Walt and the Value of Animation
by Kevin Rigdon (@pralix1138)
“The point must be made clear to the men [animators] that our study of the actual is not so that we may be able to accomplish the actual, but so that we may have a basis upon which to go into the fantastic, the unreal, the imaginative – and yet to let it have a foundation of fact, in order that it may more richly possess sincerity and contact with the public.”
- Walt Disney, 1935
Ever since I was a kid, I’ve had a love of all things Disney. Growing up without a lot of money, and with parents who were not at all interested in Disney, I was never able to visit Disney Land or Walt Disney World. My only source of Disney magic was some family friends and a set of Disney’s Wonderful World of Knowledge books published back in 1973. I read them voraciously, and not necessarily for the factual information contained within, but for the Disney characters sprinkled throughout. The family friends had everything Disney had produced on VHS up to that point. Without a ton of exposure, without the words to express it, without knowing the intrinsic value of magic and myth, I was drawn to Disney.
Those of you who feel an excited lightness when you see the Disney logo, or who get just a little giggly when you watch a Disney classic, know what this feels like. Along with so many before me, with me, and after me, I wanted to enter into the Disney worlds, to live there, to interact with the heroes and heroines, the sidekicks and seemingly unimportants. I’ve always wanted to participate in Walt’s stories and imagination.

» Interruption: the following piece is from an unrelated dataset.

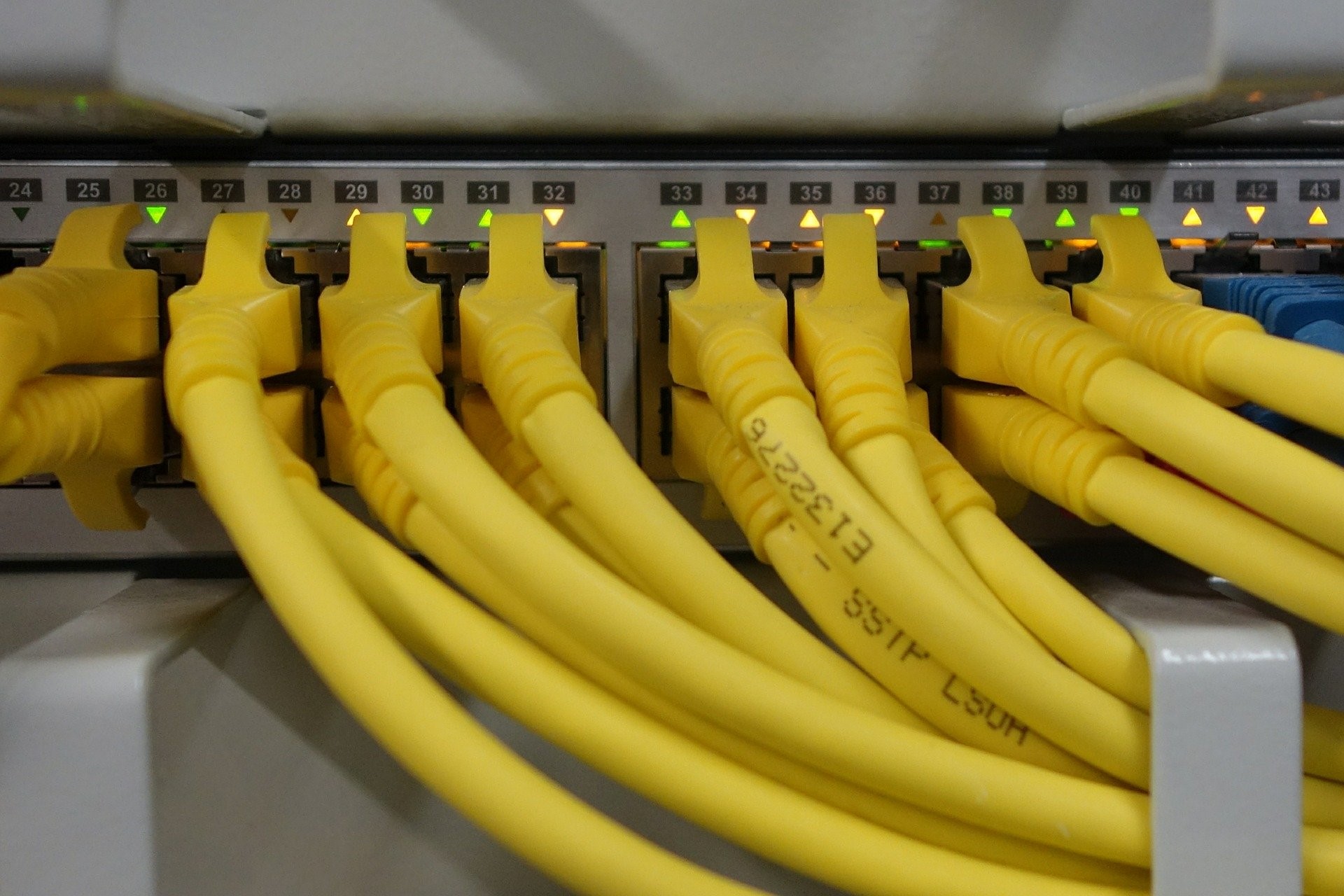 Combien de temps faut-il pour installer Internet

The above quote, from a letter on how to train animators, illustrates something important in attempting to explain why so many of us are drawn to the heart of Walt Disney (and here I’m not necessarily referring to the Disney company, film studio, or enterprise, but to the person of Walt himself). Walt wanted to teach his animators that by studying “real” life, they could better take a step into the realms of fantasy and the imaginary. But why the need to go into “the fantastic, the unreal, the imaginative?” If animation is there only to accomplish what can’t be accomplished “in real life,” then what’s the point? Do we just want our animation to fill in the fantastical elements so that we can see a pseudo-magic? Or is Walt getting at something here that’s worth a closer look?
In his essay, On Fairy Stories from which I quote ad nauseum, Tolkien describes how we need fantasy. We need the imaginative, but not as an escape. We don’t escape the real world in these pursuits. Again, according to Tolkien, when we read good fairy stories, we are nearer the truth of all things. For Tolkien, and for Disney (Walt, the person), in going to these places: the “unreal”, the “imaginative,” the “fantastical” we are reaching toward a transcendent reality, the truth of the world, and who we are as human persons. Because it is when we take the material, or primary, world, and bring it into the realm of fantasy, or the imaginative, that we are able to ask bigger questions than what something does, or how it grows. We can ask about the nature of good and evil, about love and hate, about friendship and isolation.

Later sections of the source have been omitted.